PROBLEM STATEMENT> In the data below, find the line containing "Hello Summer, It's", then set down that line and every later line up to and including the line containing "Paint a Christmas", exactly.

RECORDS PROVIDED>
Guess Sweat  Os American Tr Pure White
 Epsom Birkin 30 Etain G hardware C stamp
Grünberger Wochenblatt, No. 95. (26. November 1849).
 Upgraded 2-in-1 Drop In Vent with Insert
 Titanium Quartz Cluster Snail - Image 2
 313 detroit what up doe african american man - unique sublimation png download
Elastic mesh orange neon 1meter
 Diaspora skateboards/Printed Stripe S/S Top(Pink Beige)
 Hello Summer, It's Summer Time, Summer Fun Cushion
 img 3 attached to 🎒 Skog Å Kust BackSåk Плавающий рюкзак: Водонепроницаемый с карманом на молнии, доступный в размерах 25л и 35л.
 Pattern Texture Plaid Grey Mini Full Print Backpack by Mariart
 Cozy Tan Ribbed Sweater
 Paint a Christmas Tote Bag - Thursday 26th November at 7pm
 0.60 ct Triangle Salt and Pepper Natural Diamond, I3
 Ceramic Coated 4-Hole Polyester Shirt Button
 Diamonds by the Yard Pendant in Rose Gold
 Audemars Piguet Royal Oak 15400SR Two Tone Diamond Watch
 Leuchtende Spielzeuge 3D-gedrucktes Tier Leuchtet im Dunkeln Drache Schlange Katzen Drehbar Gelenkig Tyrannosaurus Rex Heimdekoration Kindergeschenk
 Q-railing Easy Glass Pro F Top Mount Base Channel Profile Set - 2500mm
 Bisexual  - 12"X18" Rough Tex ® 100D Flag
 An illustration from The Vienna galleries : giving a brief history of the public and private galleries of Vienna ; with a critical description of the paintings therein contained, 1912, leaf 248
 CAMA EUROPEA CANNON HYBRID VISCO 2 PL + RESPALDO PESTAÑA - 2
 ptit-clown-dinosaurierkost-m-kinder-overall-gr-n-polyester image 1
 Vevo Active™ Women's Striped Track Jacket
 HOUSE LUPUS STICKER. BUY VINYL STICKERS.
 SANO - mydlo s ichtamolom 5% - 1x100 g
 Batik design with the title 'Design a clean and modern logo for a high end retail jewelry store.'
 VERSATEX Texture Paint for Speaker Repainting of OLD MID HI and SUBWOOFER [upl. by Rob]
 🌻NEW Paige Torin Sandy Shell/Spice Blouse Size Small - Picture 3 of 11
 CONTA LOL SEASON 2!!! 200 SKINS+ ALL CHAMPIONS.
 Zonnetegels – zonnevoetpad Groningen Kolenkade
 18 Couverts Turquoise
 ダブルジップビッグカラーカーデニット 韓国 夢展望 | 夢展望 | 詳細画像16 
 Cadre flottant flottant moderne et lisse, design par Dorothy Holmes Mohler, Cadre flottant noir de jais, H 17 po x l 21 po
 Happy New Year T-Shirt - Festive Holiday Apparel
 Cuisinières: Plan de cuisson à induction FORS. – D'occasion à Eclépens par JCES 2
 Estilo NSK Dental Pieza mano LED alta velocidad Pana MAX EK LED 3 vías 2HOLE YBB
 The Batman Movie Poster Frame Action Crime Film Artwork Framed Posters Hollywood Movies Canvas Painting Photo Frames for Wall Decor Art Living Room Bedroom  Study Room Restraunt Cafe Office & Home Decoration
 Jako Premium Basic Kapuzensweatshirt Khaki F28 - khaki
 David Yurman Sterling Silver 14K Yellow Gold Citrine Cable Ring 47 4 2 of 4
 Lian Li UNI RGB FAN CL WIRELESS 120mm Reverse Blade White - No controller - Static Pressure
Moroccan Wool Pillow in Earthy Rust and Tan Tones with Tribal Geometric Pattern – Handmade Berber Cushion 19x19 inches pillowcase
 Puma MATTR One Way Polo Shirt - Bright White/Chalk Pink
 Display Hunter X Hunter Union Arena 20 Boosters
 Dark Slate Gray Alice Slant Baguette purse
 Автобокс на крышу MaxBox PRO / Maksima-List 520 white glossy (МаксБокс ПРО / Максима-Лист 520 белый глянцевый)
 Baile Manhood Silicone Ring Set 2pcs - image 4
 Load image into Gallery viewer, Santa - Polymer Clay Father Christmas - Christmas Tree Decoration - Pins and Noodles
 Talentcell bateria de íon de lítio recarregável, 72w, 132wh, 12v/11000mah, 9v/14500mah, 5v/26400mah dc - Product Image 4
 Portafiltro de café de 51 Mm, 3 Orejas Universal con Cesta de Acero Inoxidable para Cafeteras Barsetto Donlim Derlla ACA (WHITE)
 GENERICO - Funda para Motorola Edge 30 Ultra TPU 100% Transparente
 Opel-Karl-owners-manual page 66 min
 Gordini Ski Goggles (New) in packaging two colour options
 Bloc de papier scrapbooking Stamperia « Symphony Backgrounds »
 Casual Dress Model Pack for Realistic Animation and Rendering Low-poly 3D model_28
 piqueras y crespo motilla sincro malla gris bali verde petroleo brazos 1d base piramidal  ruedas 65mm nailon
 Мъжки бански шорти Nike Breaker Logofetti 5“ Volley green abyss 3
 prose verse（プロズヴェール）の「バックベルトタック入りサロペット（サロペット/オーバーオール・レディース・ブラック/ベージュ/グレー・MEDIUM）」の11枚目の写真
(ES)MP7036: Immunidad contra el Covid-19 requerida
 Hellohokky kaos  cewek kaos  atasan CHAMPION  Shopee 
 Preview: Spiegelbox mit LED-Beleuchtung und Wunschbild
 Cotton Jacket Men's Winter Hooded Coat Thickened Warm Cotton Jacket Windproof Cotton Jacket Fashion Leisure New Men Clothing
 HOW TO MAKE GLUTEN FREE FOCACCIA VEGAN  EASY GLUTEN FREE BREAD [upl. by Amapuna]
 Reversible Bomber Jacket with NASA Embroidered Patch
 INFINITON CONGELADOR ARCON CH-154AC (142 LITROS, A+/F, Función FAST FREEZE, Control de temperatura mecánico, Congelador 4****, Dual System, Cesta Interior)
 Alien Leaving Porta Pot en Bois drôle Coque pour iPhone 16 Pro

SOLUTION TO THIS EXERCISE>
 Hello Summer, It's Summer Time, Summer Fun Cushion
 img 3 attached to 🎒 Skog Å Kust BackSåk Плавающий рюкзак: Водонепроницаемый с карманом на молнии, доступный в размерах 25л и 35л.
 Pattern Texture Plaid Grey Mini Full Print Backpack by Mariart
 Cozy Tan Ribbed Sweater
 Paint a Christmas Tote Bag - Thursday 26th November at 7pm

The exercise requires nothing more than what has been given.